Medical experts are pushing for a Minister for Loneliness amid claims being alone is an epidemic killing Australians.
While elderly people have typically faced the burden of being alone, statistics have revealed people of all ages suffer at the hands of loneliness.
People living on their own has skyrocketed in recent years and the number of divorces have continued to increase as community culture, such as church gatherings, seems to decline.
Medical experts are pushing for a Minister for Loneliness amid claims being alone is an epidemic killing Australians (stock image)
The director of Public Health for the Australian Medical Association (AMA) Simon Tatz suggested the government needed to do more to battle crippling loneliness.
‘While some may scoff at the idea of a Minister for Loneliness or a Minister for Social Inclusion, it certainly has merit,’ Mr Tatz told The Courier-Mail.
Tony Bartone, the Federal President of AMA, said a portfolio directed at loneliness would help all areas that have impact such as infrastructure, community planning, research and data connection.
The UK appointed a Minister for Loneliness in January 2018 following a report from the Jo Cox Commission on Loneliness which revealed more than nine million people often felt lonely.

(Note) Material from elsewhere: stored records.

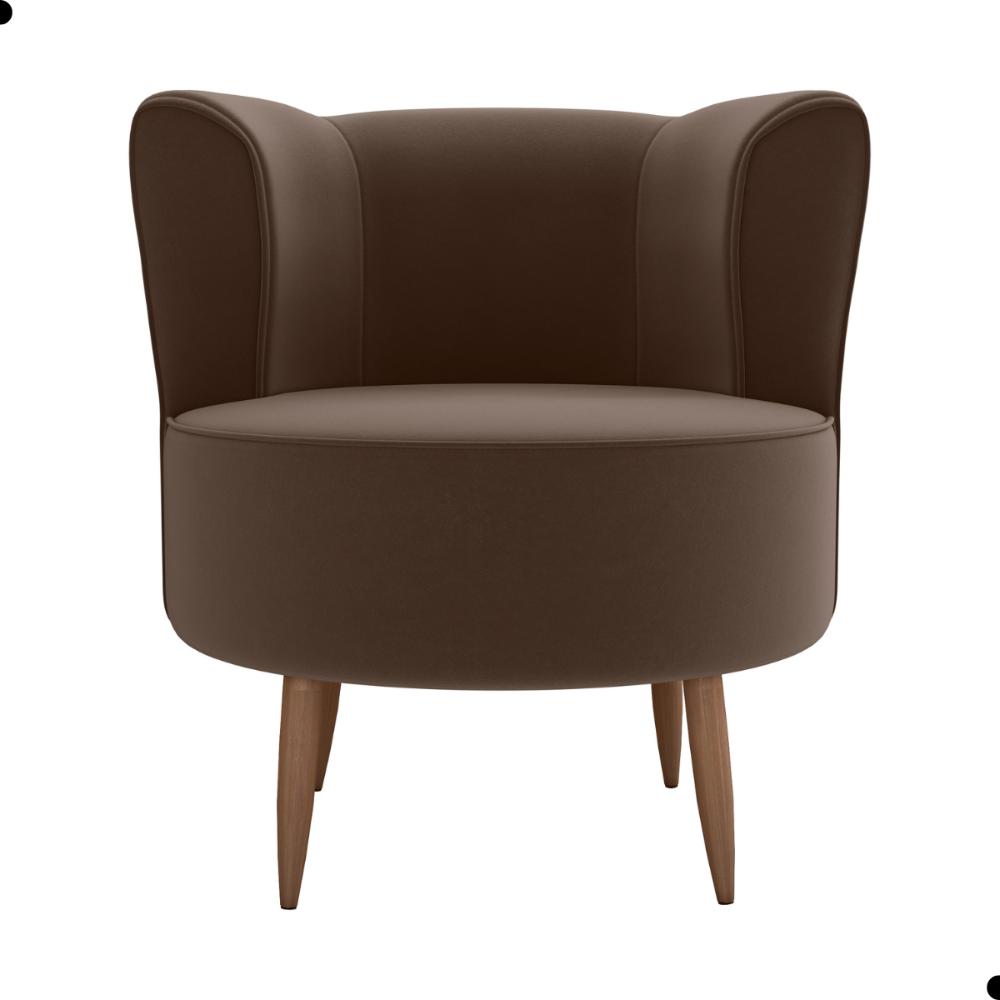 Poltrona para Sala de Recepção Bela Veludo Marrom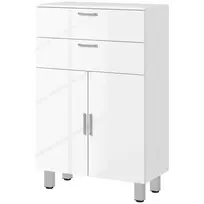 kleankin Vonios spintelė, šoninė spintelė su 2 blizgiais baltos spalvos stalčiais, durelėmis, vonios spintelė su reguliuojama lentyna, laikymo spintelė svetainei, 60 x 30 x 93 cm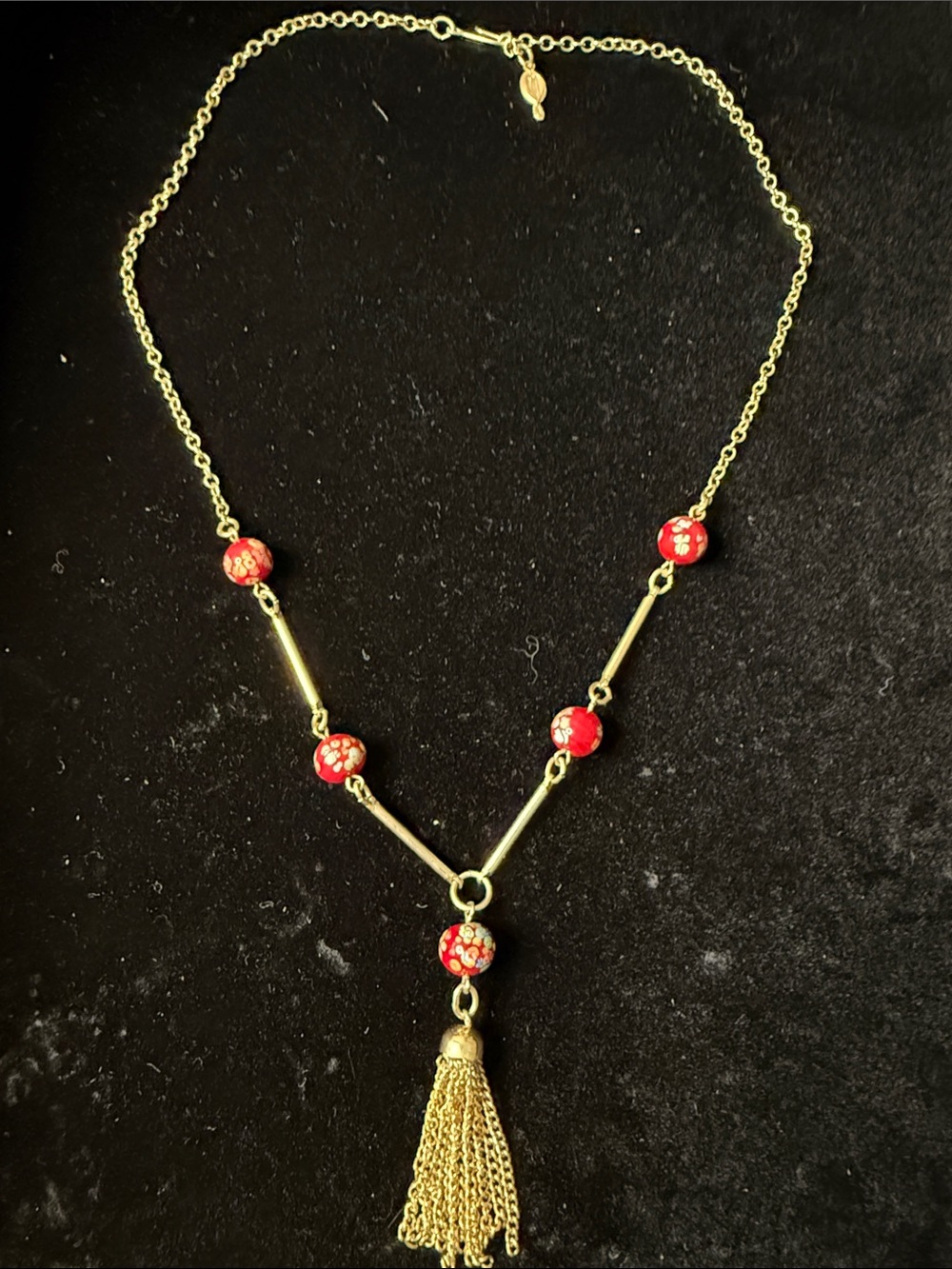 Sarah Coventry Gold Tassel Necklace with Red Floral Beads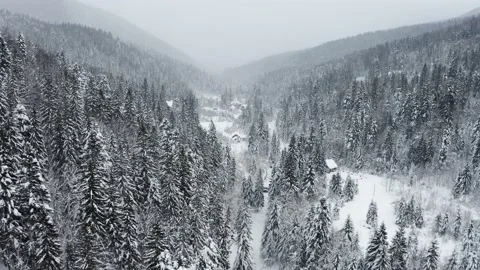 Drone over Gorgani in winter Stock Footage 170784386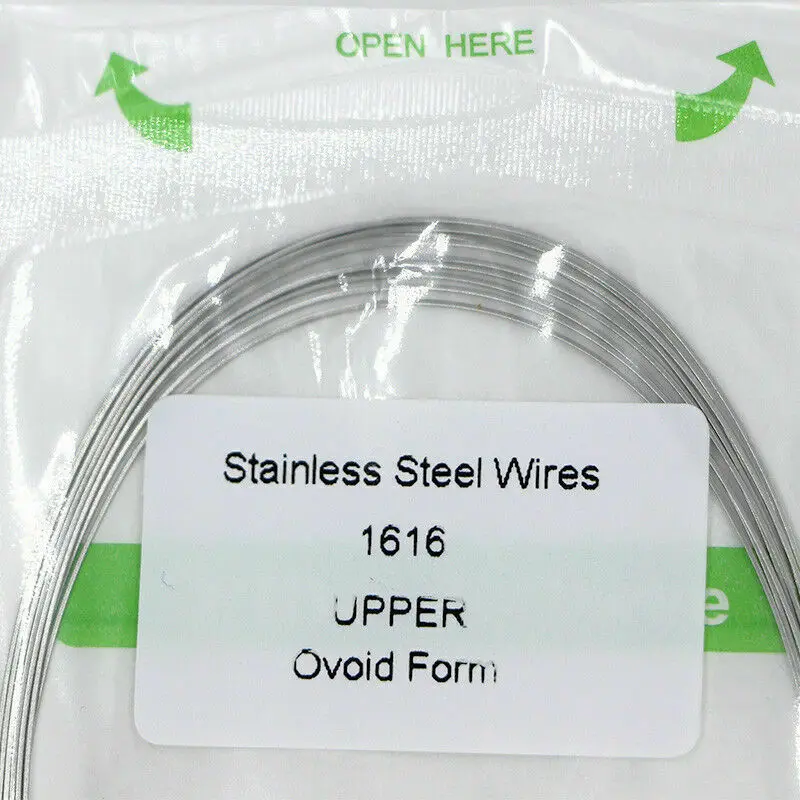 Dental ortodônticos arco fios retangular de aço inoxidável forma ovóide 10 pces arcabins para suportes dentista materiais odontologia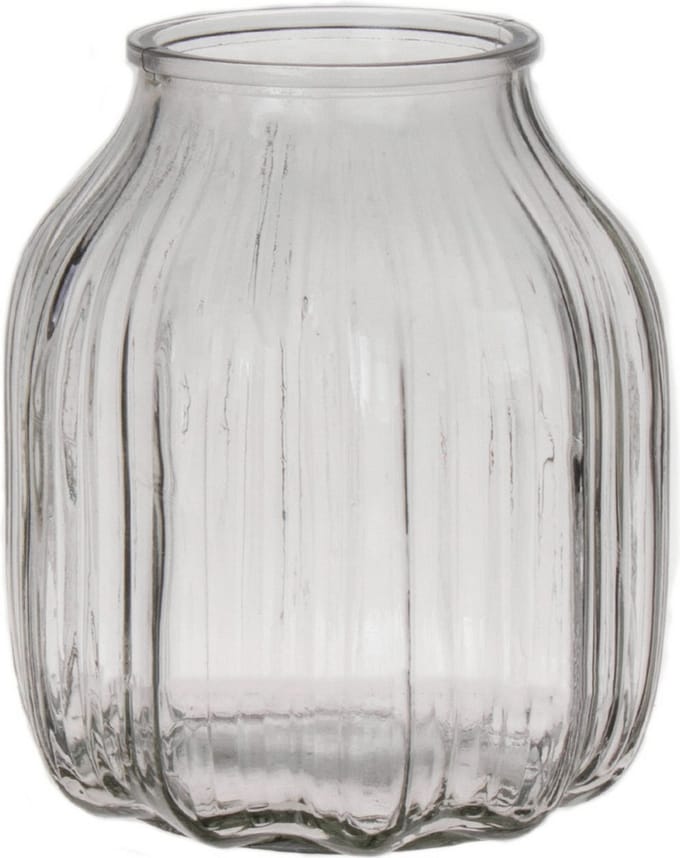 Bellatio Design Bloemenvaas klein - helder transparant glas - 14 x 16 cm - vaas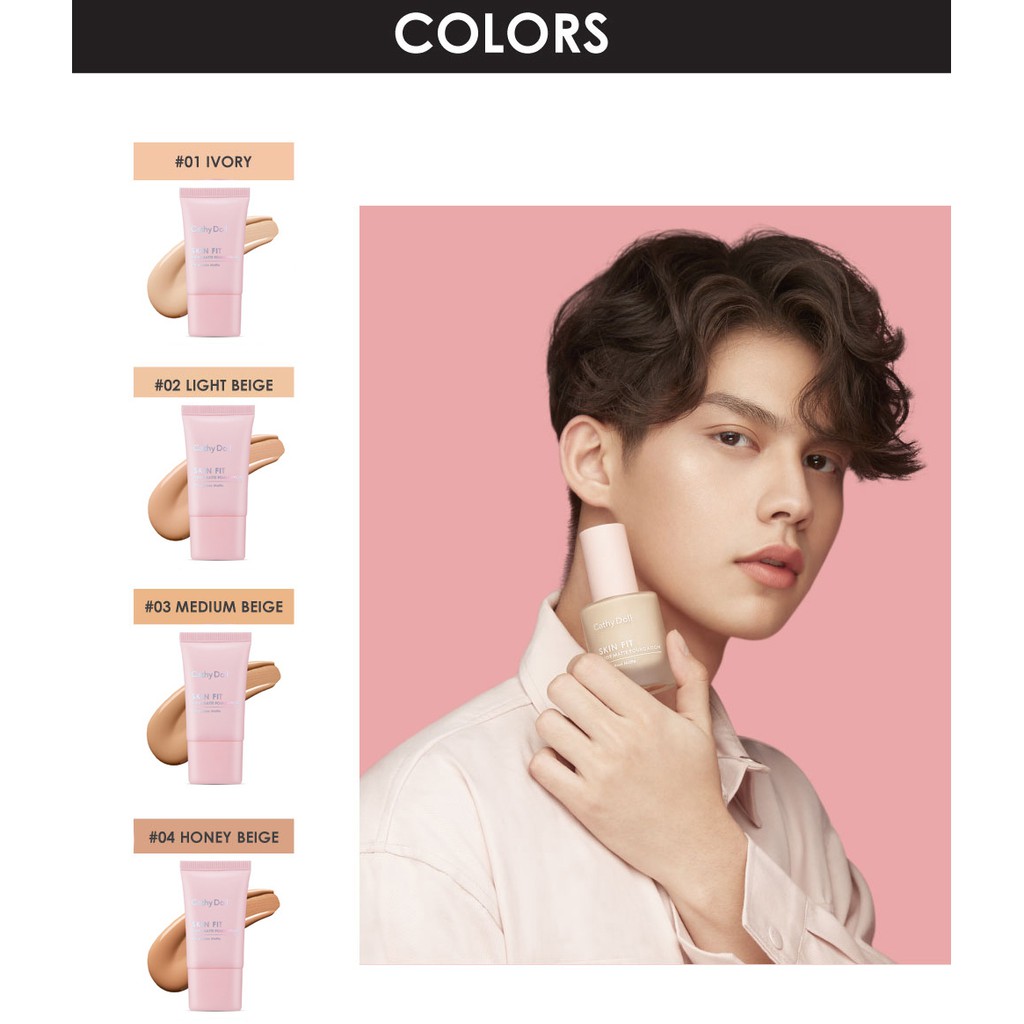 Kem nền Cathy dol 0dạng lỏng kiểm soát dầu che lỗ chân lông tự nhiên Cathy Doll Skin Fit Nude Matte Foundation 15ml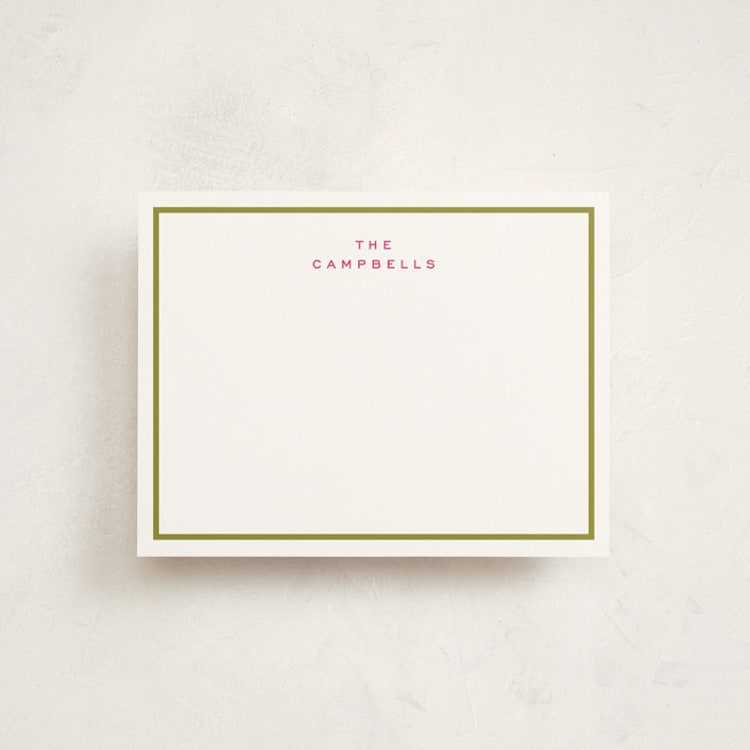 "Two line" - Personalized Stationery Cards in Chartreuse by Stacey Meacham - Front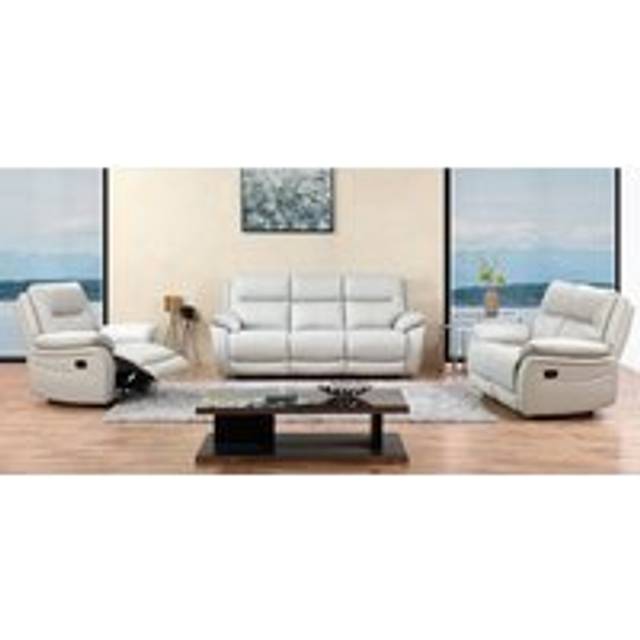 Manhattan Handmade 3+2+1 Reclining Sofa Suite Italian Putty Real Leather In Stock - Suite Offers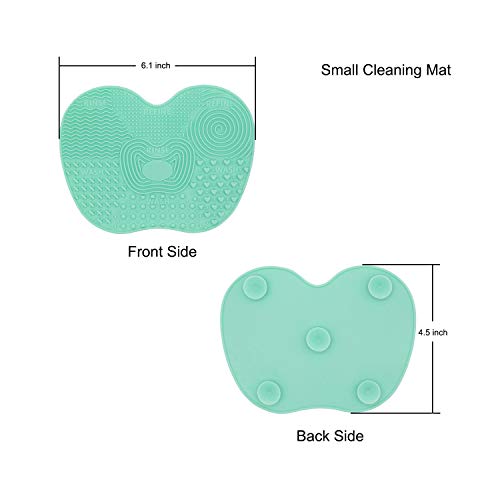LORMAY Makeup Brush Organizer + Makeup Brush Cleaning Mat, Storage Container of Makeup Tools and Personal Care Accessories-Makeup Drying Brush Holder Bathroom Cosmetic Organizer (Mint Green)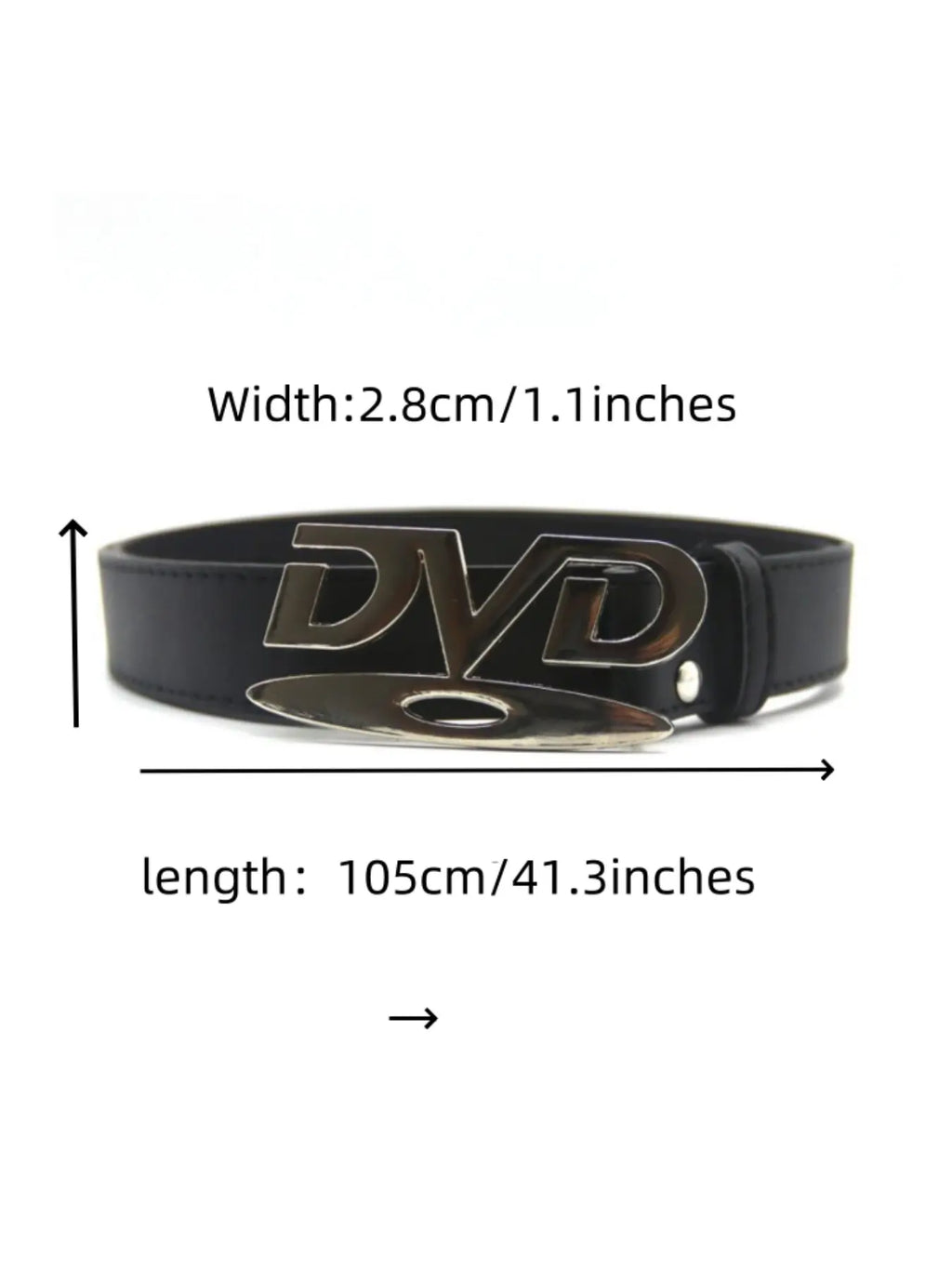 Unisex Y2K Punk Belt with Retro DVD Letter Buckle for Jeans & Dresses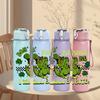 1PC Pinch Green Dinosaur Quote Text 750ml Color Plastic Water Bottle Leakproof Flip Straw Lid For Sports Office Home Use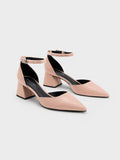 CHARLES & KEITH Beaded Ankle-Strap D'Orsay Pumps Nude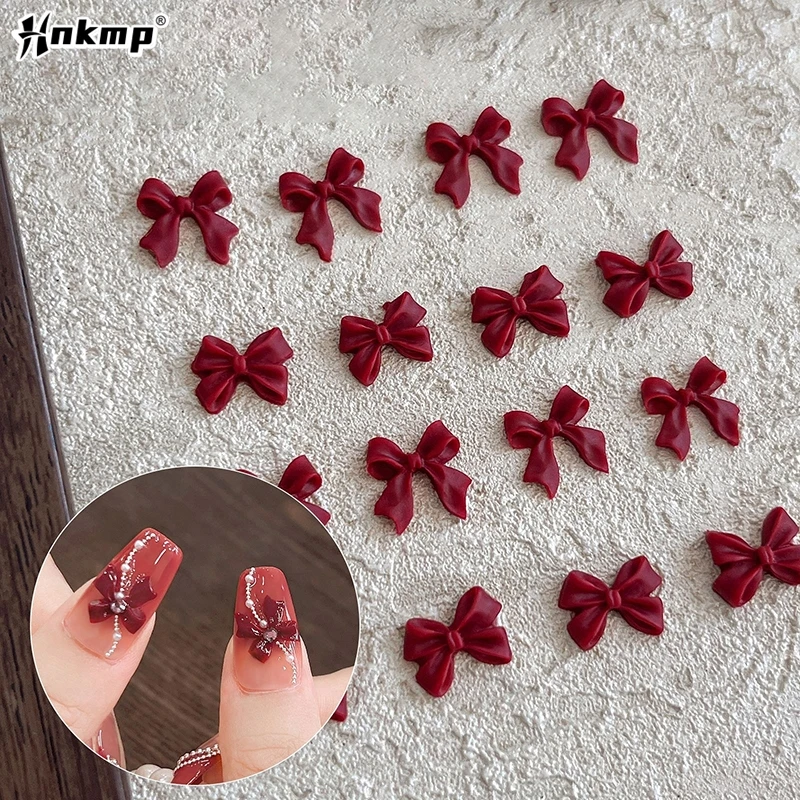 50 Stuks Wijn Rode Hars Boog Nail Charm Bulk Mix Grootte 3D Lint Bowkont Mini Kawaii Nail Art Accessoires DIY Leuke nagels Decoraties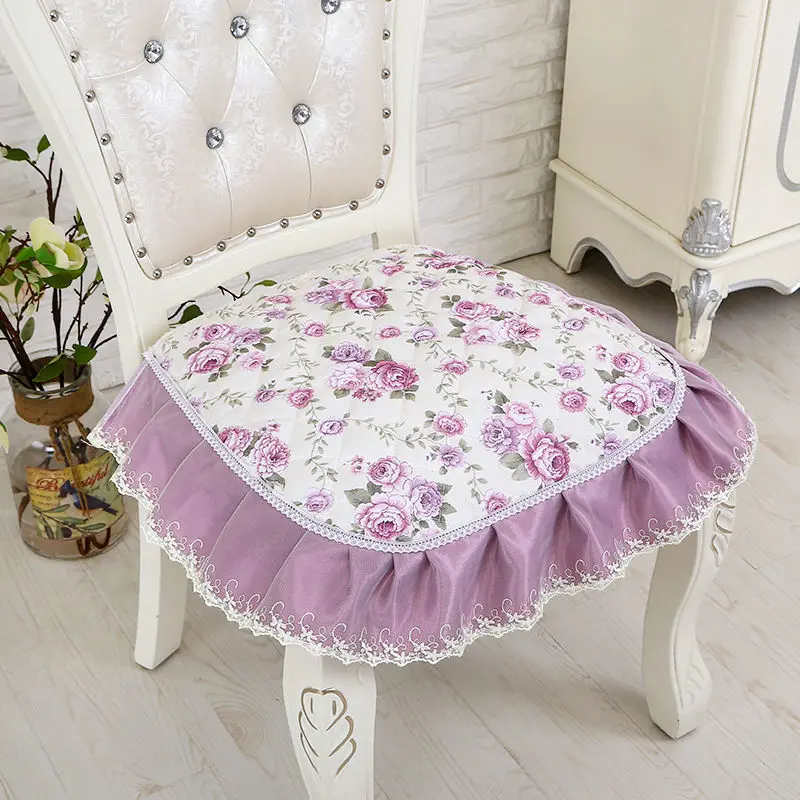 Floral Pattern Cushion With Lace Edge Thin Seat Mat Can Be Fixed On Chair U-shaped Seat Cushion Home Decor Cotton Sofa Pad Cheap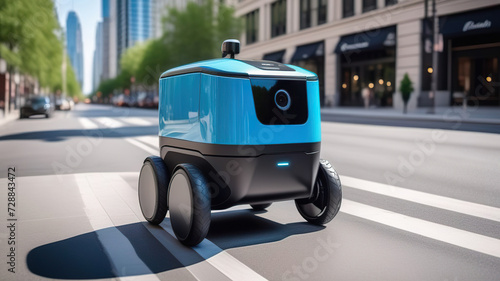 Delivery robot on city streets on a sunny day. Autonomous device for delivery of goods, parcels, mail. Generated AI photo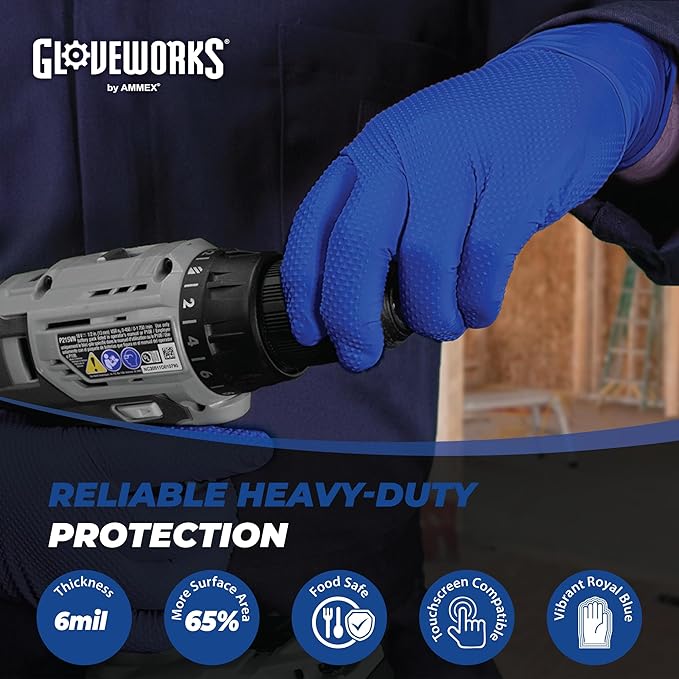 GLOVEWORKS HD Royal Blue Nitrile Industrial Disposable Gloves, 6 Mil, Latex & Powder-Free, Food-Safe, Raised Diamond Texture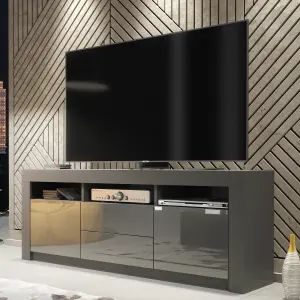 Modern TV Unit 160cm Dark Grey with High Gloss Doors - Creative Furniture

Dr Bartone referred to the measures adopted in the UK, claiming that Australia needed to ‘keep all eyes on’ to see how they tackle the serious health problem.
Royal Australian College of General Practitioners president Dr Harry Nespolon said GPs were facing increased cases of extreme loneliness and the epidemic needed recognition.
While elderly people have typically faced the burden of being alone, statistics have revealed people of all ages suffer at the hands of loneliness (stock image)
‘Over the years, cities have become very lonely places. The aged, young mums, even people who are in relationships can all be lonely,’ Dr Nespolon said.
The Australian Bureau of Statistics projects a 43 per cent rise in number of singles in Brisbane over the next 15 years.
Demographer Bernard Salt said social connection was impacted by the reliance on technology.
‘My research has told me that people who are working in big offices surrounded by co-workers are lonely. We don’t connect like we use to, messages are sent via phones and computers. Add that to the increasing aged population and I would suggest that by 2020 we will be facing a very serious problem of isolation, loneliness and possibly depression that we are not prepared for,’ Mr Salt said.
Labor spokeswoman for Ageing and Mental Health, Julie Collins, said the party had been working with academics and organisations to understand the wrath of loneliness across the country.
Ms Collins told The Courier-Mail the Opposition party was dedicated to take loneliness seriously as a social policy and public health priority.
The director of Public Health for the Australian Medical Association (AMA) Simon Tatz suggested the government needed to do more to battle crippling loneliness (stock image)
Relationships Australia released research on loneliness based on the findings from 16 waves of Household Income and Labour Dynamics of Australia survey data from 2001-2016 in September 2018 – which highlighted the breadth of the problem.
The research, launched by the Assistant Minister for Children and Families the Hon Michelle Landry MP, reveals that one in 10 Australians lack social support and one in six is experiencing emotional loneliness, highlighting the breadth of the problem.
‘Our research reveals that poverty, unemployment and poor relationships are significantly associated with loneliness and lonely people make greater use of the health system,’ said the National Executive Officer with Relationships Australia, Alison Brook.
‘Single parents, particularly single fathers, are most likely to experience a lack of social support with almost 40 per cent of younger fathers reporting a lack of social support and more than 40 per cent reporting emotional loneliness.
‘Widowed men and women under 65 years of age also report high rates of loneliness.’
Relationships Australia released research on loneliness in September 2018 – which highlighted the breadth of the problem (stock image)
Ms Brook said the number of people moving in and out of loneliness was consistently high over the last decade.
‘There is no doubt that a significant number of people in our community are experiencing loneliness,’ she said.
‘Relationships Australia believes there is a compelling case for a national discussion about the health and social risks posed by loneliness.’
‘Loneliness needs to be treated as a significant public health and social policy issue.
In 2016, a Lifeline survery found that eight out of 10 respondents believed loneliness was increasing.
Over 3100 people responded to the survey and 60 per cent said they ‘often feel lonely’ and 82.50 per cent said loneliness was increasing in society.
The survery was inconclusive as to whether social media was to blame for the increasing number of people feeling lonely in Australia.